- Episode no.: Season 5 Episode 9
- Directed by: Tom Cherones
- Written by: Peter Mehlman
- Production code: 509
- Original air date: November 18, 1993

Guest appearances
- Lisa Edelstein as Karen; Jennifer Coolidge as Jodi; Anthony Cistaro as Joel;

Episode chronology
| ← Previous "The Barber" | Next → "The Cigar Store Indian" |
- Seinfeld season 5

= The Masseuse (Seinfeld) =

"The Masseuse" is the 73rd episode of the NBC sitcom Seinfeld. It is the ninth episode of the fifth season, and first aired on November 18, 1993. In this episode, Jerry wants a massage more than sex from his masseuse girlfriend, while George wants the approval of Jerry's girlfriend more than his own. Elaine struggles with her boyfriend sharing a name with serial killer Joel Rifkin.

==Plot==
Elaine's boyfriend is a handsome gentleman, but he is unfortunately named Joel Rifkin, the same as the notorious serial killer. She indignantly defends him against coworkers' jokes, but is paranoid enough to profile Joel's psychology. Jerry assures her that Joel not having vomited for eight years is normal, since Jerry keeps track of his own vomiting anniversaries. Kramer warns Elaine that serial killers are all adopted, and calls dibs on Elaine's spare ticket to a Giants game.

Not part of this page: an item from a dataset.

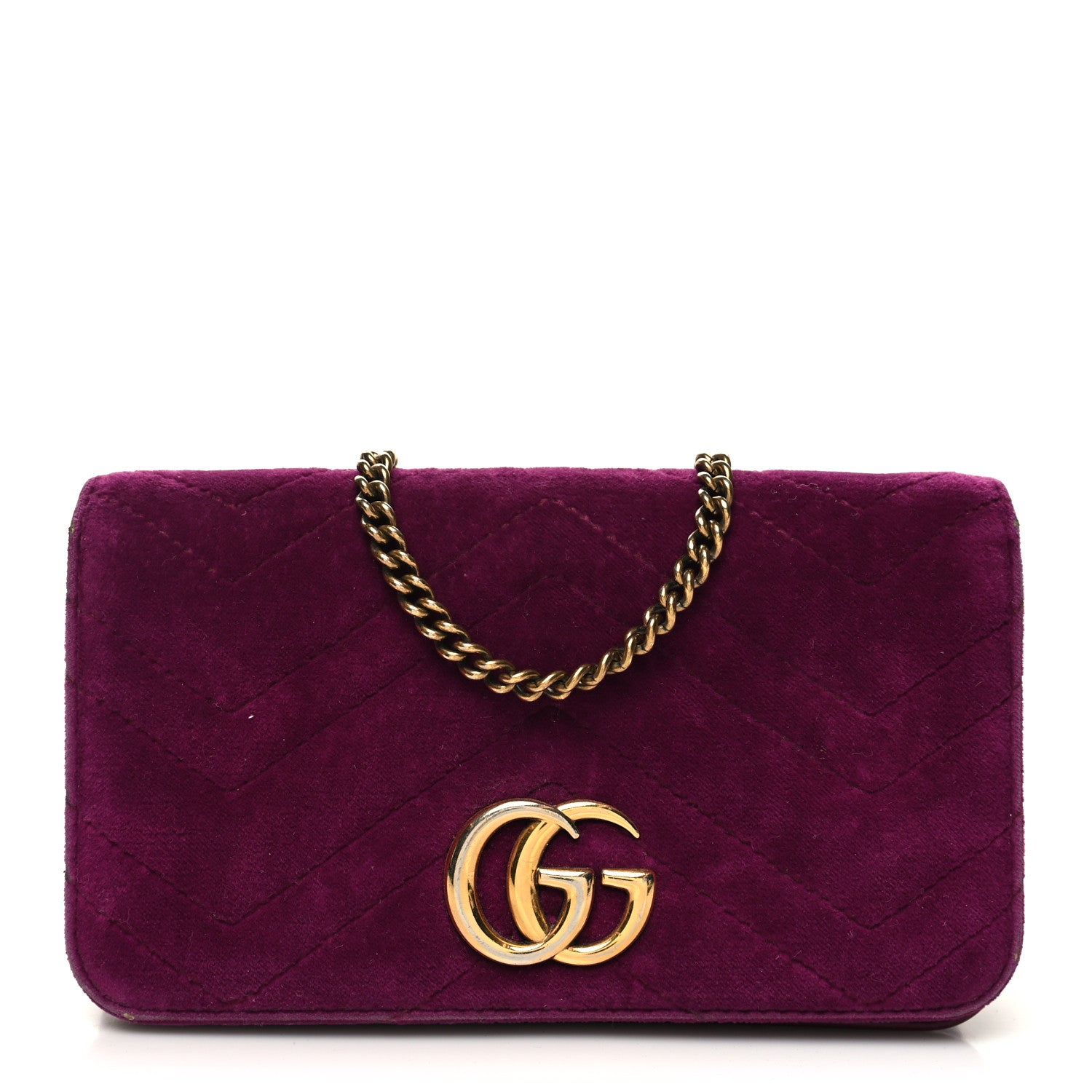 Gucci Velvet Matelasse GG Marmont Mini Bag Fuchsia Violet Cyclamen 1 of 14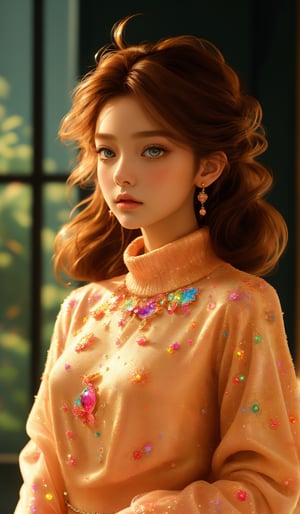 (masterpiece), (best quality), (ultra detailed),(disheveled hair),(illustration), (1girl), (Fashionable clothing), standing,Fashion model,looking at viewer, (interview), (simple background),beautifuldetailedeyes,delicate beautiful face,Floating,(high saturation),(colorful splashes),(shining),focus on face,paintbynumbers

George has gotten back together with Karen, and, for the sake of showing off his "non-date personality", goes on a double date with Jerry and his masseuse girlfriend Jodi. Karen is charmed by George while Jodi is plainly annoyed by his company. George sterotypes against attractive women for avoiding traffic tickets, and Jodi calls out his implication that her own sister, who just got ticketed, is not attractive. Jerry, who wants a massage from Jodi more than he does makeouts or sex, oversells his sore muscles to no avail, even as Karen books Jodi's services. Failing to notice he made a poor impression, George fixates on Jodi while ignoring Karen's affection.

Joel grabs Elaine's neck from behind for a surprise massage, frightening her. Elaine admires the names of famous football players, planting the idea of changing her name "for no real reasons".

Jerry notifies George that Jodi outright dislikes him. They find Jodi leaving Jerry's building after giving Kramer a massage, and George insists on carrying her massage table and hailing a taxi for her. Despite his eagerness to please, she remains cold. George's obsession deepens, to Karen's dismay, and he insists that he must be liked by everyone.

Kramer, still in a robe, sensually praises Jodi's massage in lurid detail for Jerry. Jerry explodes in jealousy, and denies him further massages. He takes offense at Kramer having paid for his girlfriend's services.

At the Giants game, Elaine is disturbed to learn that Joel was adopted. Kramer, having forgotten his ID, cannot claim his ticket without paging the ticketholder. The stadium PA calls for "Joel Rifkin", alarming the players and audience alike. As a result, Joel decides to choose a new name for himself, but he and Elaine fall out because their name choices are irreconcilable. Kramer returns from the game, in need of a massage again from diving over seats to catch the game-winning football. Jerry resolves to get his own massage that very night.

George breaks off from making out with Karen to go find Jodi, despite Karen's ultimatum that she likes him and Jodi does not. Meanwhile, Jerry, having put on sensual New Age music, unfolds Jodi's massage table in his apartment, gets on, and forces her hands on him. Jodi cannot go through with the massage, refusing to do so nonconsensually. As she walks out, George arrives to confess his love, realizing that he will never find another woman who hates him this much. With Jerry's blessing, George chases after Jodi.

==Cultural references==
While visiting her boyfriend, Joel Rifkin, Elaine is seen reading an NFL Gameday program. She suggests that many people these days are named "Deion", referencing Deion Sanders.

While brainstorming new first names for Joel, Elaine suggests "O. J." (after O. J. Simpson) as a name that would be less associated with murder. Almost seven months after this episode aired, Simpson was arrested and charged with the double murder of his ex-wife and her friend.

The episode is the first on screen appearance of Golden Globe and two Primetime Emmy Awards actress Jennifer Coolidge.